Warning, this is based on ipyleaflet a Python library that does not play well with Google Colab, so the split panel display will not work in the Google Colab environment but should on your local machine.
map2 = geemap.Map(center=[lat,lon],zoom=9)

map2


Note that visually, the changes are hard to detect, but if you zoom in, you can see that the adjusted image has brighter values around the edges of the urban areas.

If we were actually conducting inter-calibration, we’d also clip the adjusted image to specific minimum and max values to account for the fact that some DN values are above our 63 max (you guessed it, more on that in a later exercise).

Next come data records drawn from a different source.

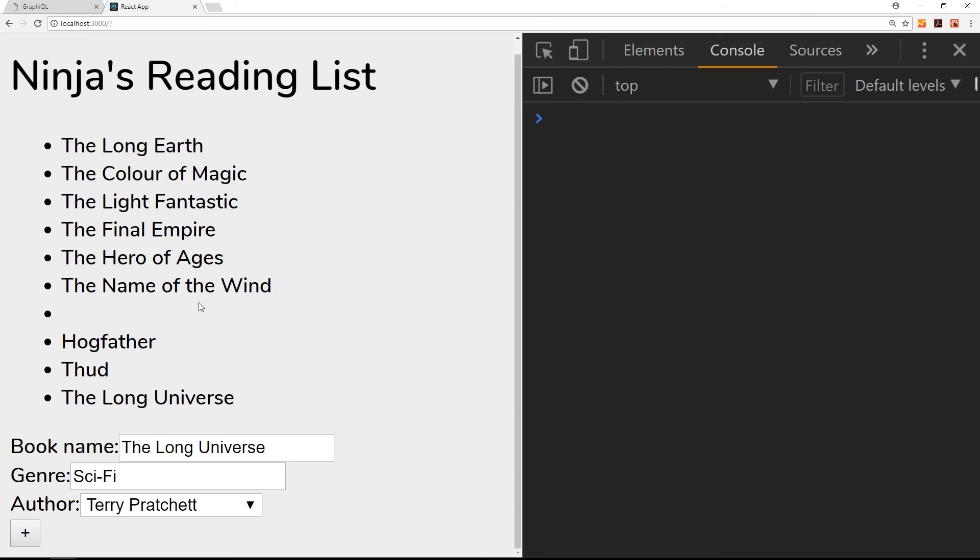In the next video we're going to take this one step further and we're going to create a book details component which appears when you click on one of these different books. It's going to show you details of that particular book.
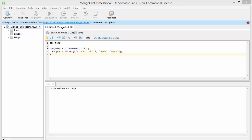Welcome to the next video on MongoDB database tutorial for beginners. In this video we will see how and why we use indexing in MongoDB. First of all, what are indexes? Indexes are a special data structure that stores a small portion of the data set in an easy-to-traverse way.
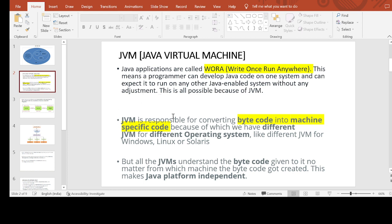JVM is responsible for converting bytecode into machine-specific code. Because of this, we have different JVMs for different operating systems — JVM is different for different operating systems.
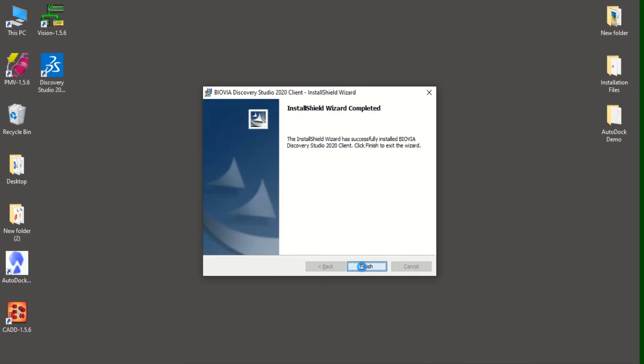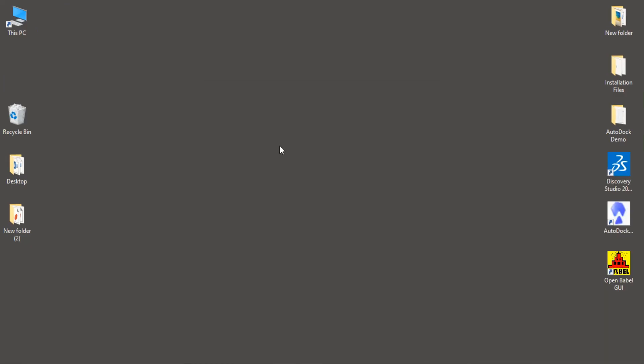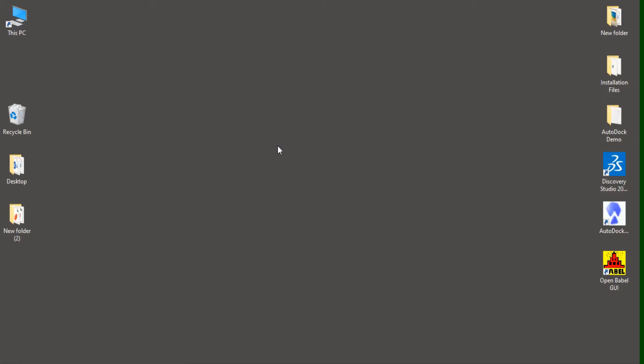So installation was completed. We have installed all the required softwares: MGL tools, AutoDock, OpenBabel and Discovery Studio. Here, these are the icons what we are going to use for running AutoDock. Once, after completing the installation, we have to do some work here. So let me tell you how.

For now, you know how use .expression() to perform more complex operations on Images!

## 6.2. References:¶

EZB+09

Christopher D Elvidge, Daniel Ziskin, Kimberly E Baugh, Benjamin T Tuttle, Tilottama Ghosh, Dee W Pack, Edward H Erwin, and Mikhail Zhizhin. A fifteen year record of global natural gas flaring derived from satellite data. Energies, 2(3):595–622, 2009.

JHL+17

Wei Jiang, Guojin He, Tengfei Long, Chen Wang, Yuan Ni, and Ruiqi Ma. Assessing light pollution in china based on nighttime light imagery. Remote Sensing, 9(2):135, 2017.